■ **Activity**
Among the entries below, one line contains "Keith, what other" and another contains "So you want". Transcribe those two lines and every line between them, exactly.

■ **Input for this task**
+++
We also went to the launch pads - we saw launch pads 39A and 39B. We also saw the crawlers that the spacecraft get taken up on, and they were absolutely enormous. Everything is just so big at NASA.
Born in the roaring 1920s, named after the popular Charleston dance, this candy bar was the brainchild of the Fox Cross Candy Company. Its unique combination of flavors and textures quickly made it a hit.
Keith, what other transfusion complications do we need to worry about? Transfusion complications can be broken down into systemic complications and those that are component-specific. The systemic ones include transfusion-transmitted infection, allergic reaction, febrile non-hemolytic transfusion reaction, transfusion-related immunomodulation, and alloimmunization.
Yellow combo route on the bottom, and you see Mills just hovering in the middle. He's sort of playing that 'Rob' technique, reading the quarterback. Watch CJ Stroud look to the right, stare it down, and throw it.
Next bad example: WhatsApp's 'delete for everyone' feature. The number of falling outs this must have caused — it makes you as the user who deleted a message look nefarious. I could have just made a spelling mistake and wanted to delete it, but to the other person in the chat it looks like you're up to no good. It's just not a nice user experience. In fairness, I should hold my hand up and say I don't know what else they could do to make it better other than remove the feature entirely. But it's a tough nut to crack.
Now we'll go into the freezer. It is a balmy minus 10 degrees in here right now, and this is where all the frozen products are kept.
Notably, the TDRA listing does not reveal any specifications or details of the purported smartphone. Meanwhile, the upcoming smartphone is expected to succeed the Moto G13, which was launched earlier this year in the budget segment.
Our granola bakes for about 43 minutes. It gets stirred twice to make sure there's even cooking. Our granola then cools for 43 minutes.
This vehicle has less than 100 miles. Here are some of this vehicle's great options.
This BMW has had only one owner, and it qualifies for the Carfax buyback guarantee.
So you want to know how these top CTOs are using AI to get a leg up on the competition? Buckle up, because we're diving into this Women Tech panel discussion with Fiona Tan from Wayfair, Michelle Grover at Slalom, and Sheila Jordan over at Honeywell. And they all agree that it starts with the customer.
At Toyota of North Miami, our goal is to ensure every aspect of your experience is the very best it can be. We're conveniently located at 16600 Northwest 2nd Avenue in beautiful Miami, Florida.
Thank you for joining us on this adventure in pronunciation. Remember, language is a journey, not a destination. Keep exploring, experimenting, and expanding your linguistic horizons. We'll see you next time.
+++
■ **Answer below**
Keith, what other transfusion complications do we need to worry about? Transfusion complications can be broken down into systemic complications and those that are component-specific. The systemic ones include transfusion-transmitted infection, allergic reaction, febrile non-hemolytic transfusion reaction, transfusion-related immunomodulation, and alloimmunization.
Yellow combo route on the bottom, and you see Mills just hovering in the middle. He's sort of playing that 'Rob' technique, reading the quarterback. Watch CJ Stroud look to the right, stare it down, and throw it.
Next bad example: WhatsApp's 'delete for everyone' feature. The number of falling outs this must have caused — it makes you as the user who deleted a message look nefarious. I could have just made a spelling mistake and wanted to delete it, but to the other person in the chat it looks like you're up to no good. It's just not a nice user experience. In fairness, I should hold my hand up and say I don't know what else they could do to make it better other than remove the feature entirely. But it's a tough nut to crack.
Now we'll go into the freezer. It is a balmy minus 10 degrees in here right now, and this is where all the frozen products are kept.
Notably, the TDRA listing does not reveal any specifications or details of the purported smartphone. Meanwhile, the upcoming smartphone is expected to succeed the Moto G13, which was launched earlier this year in the budget segment.
Our granola bakes for about 43 minutes. It gets stirred twice to make sure there's even cooking. Our granola then cools for 43 minutes.
This vehicle has less than 100 miles. Here are some of this vehicle's great options.
This BMW has had only one owner, and it qualifies for the Carfax buyback guarantee.
So you want to know how these top CTOs are using AI to get a leg up on the competition? Buckle up, because we're diving into this Women Tech panel discussion with Fiona Tan from Wayfair, Michelle Grover at Slalom, and Sheila Jordan over at Honeywell. And they all agree that it starts with the customer.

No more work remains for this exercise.